* WHAT THE TASK ASKS
Please repeat the data exactly. Any picture in it stays out.

* DATA PROVIDED
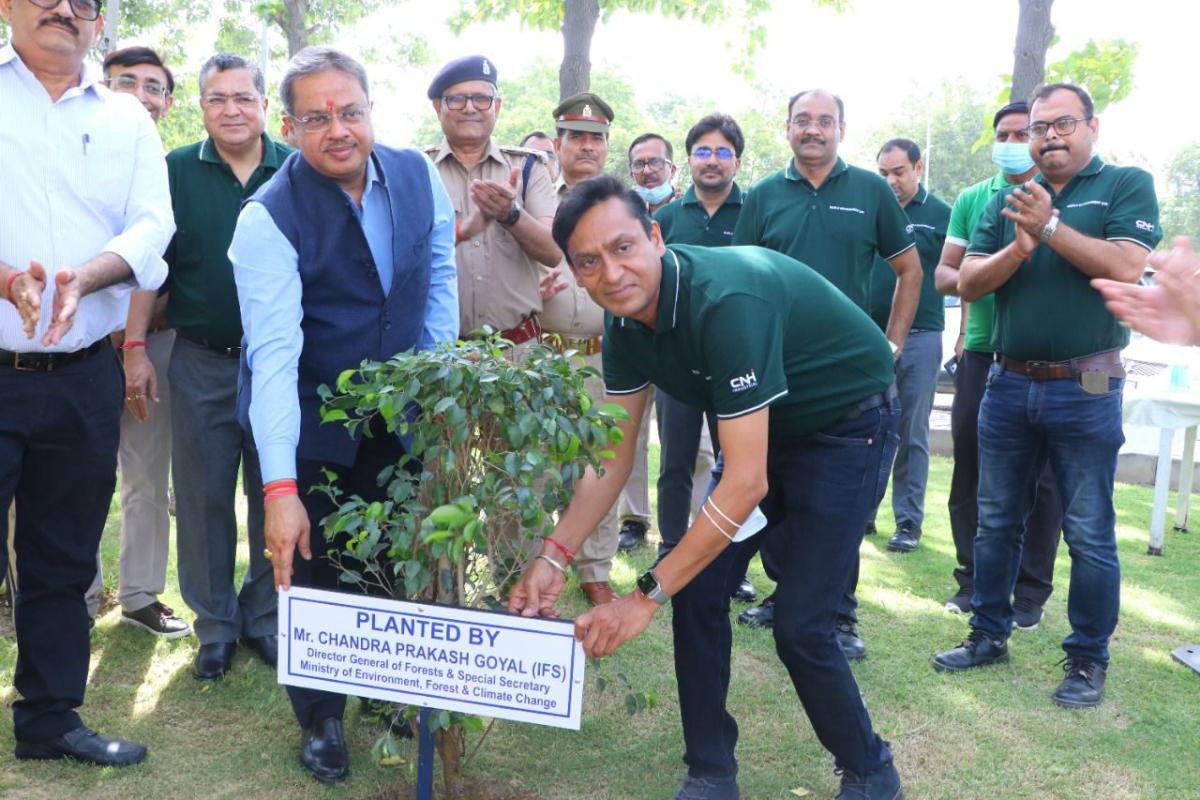 Group of people celebrate the planting of trees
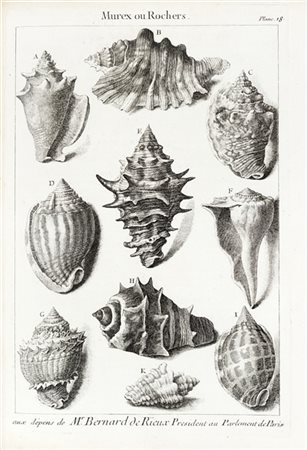 DEZALLIER D'ARGENVILLE, Antoine Joseph (1680-1765) - L'Histoire naturelle eclai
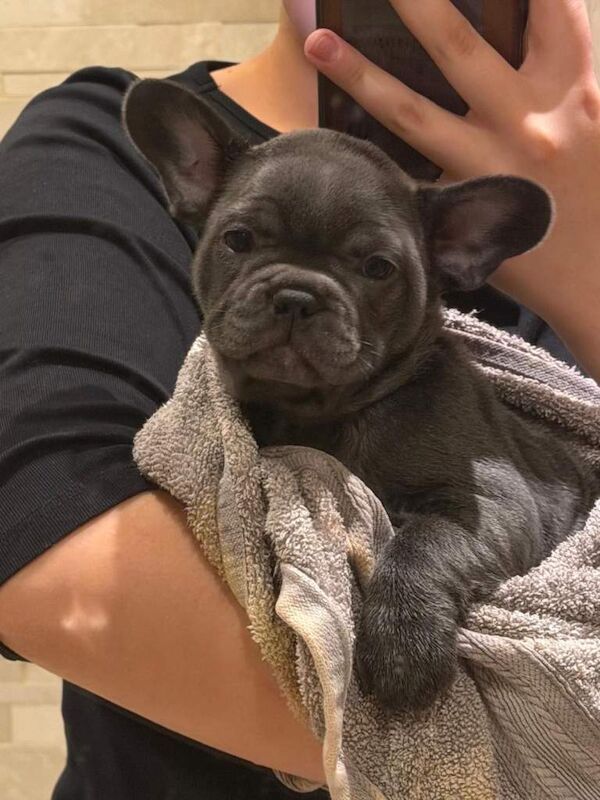 Beautiful French bulldog puppies - Image 2 of 6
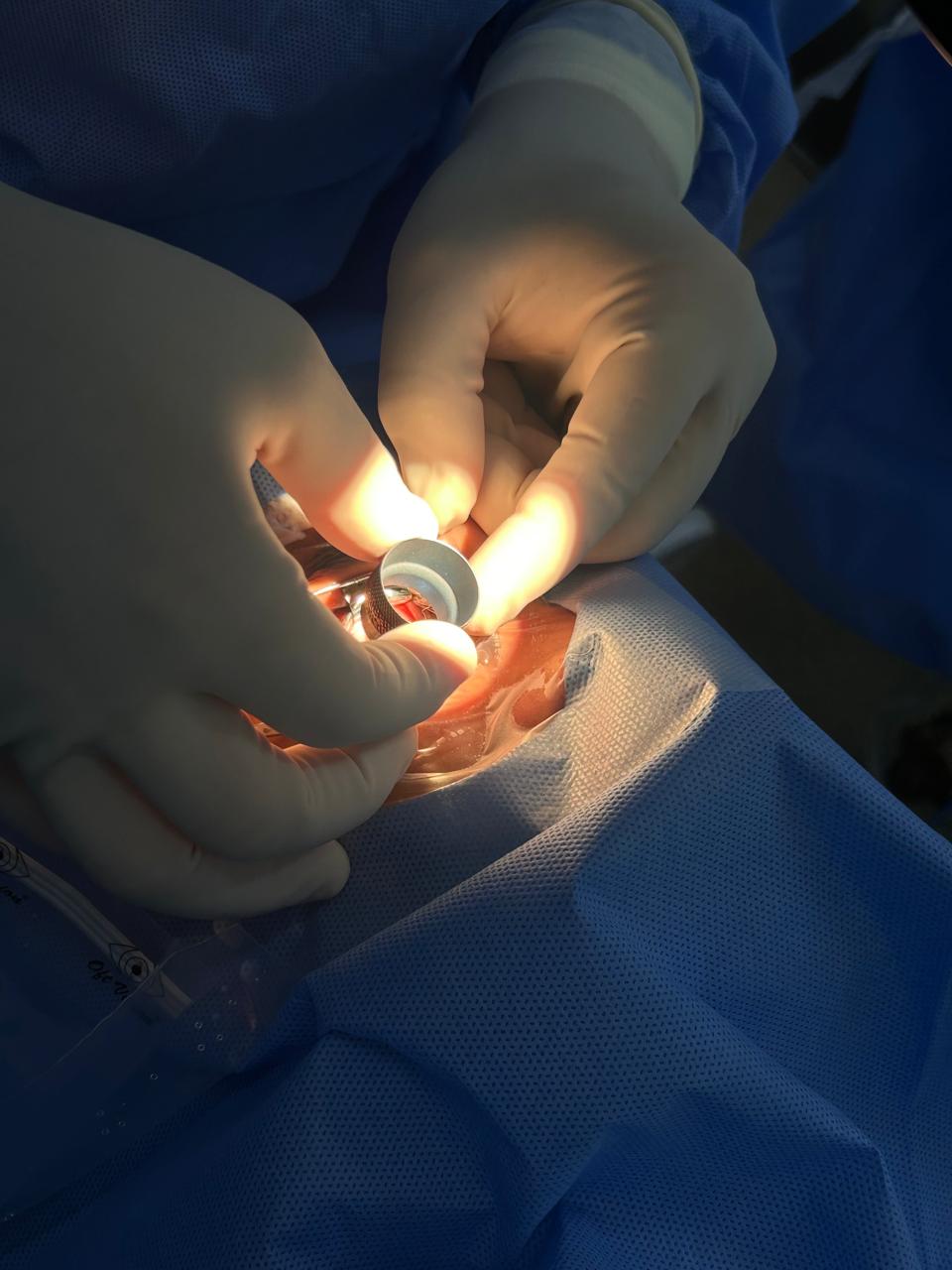 whatsapp image 2025 12 14 at 13.05.47 whatsapp image 2025 12 14 at 13.05.47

* RESPONSE BELOW
 Group of people celebrate the planting of trees
 DEZALLIER D'ARGENVILLE, Antoine Joseph (1680-1765) - L'Histoire naturelle eclai
 Beautiful French bulldog puppies - Image 2 of 6
 whatsapp image 2025 12 14 at 13.05.47 whatsapp image 2025 12 14 at 13.05.47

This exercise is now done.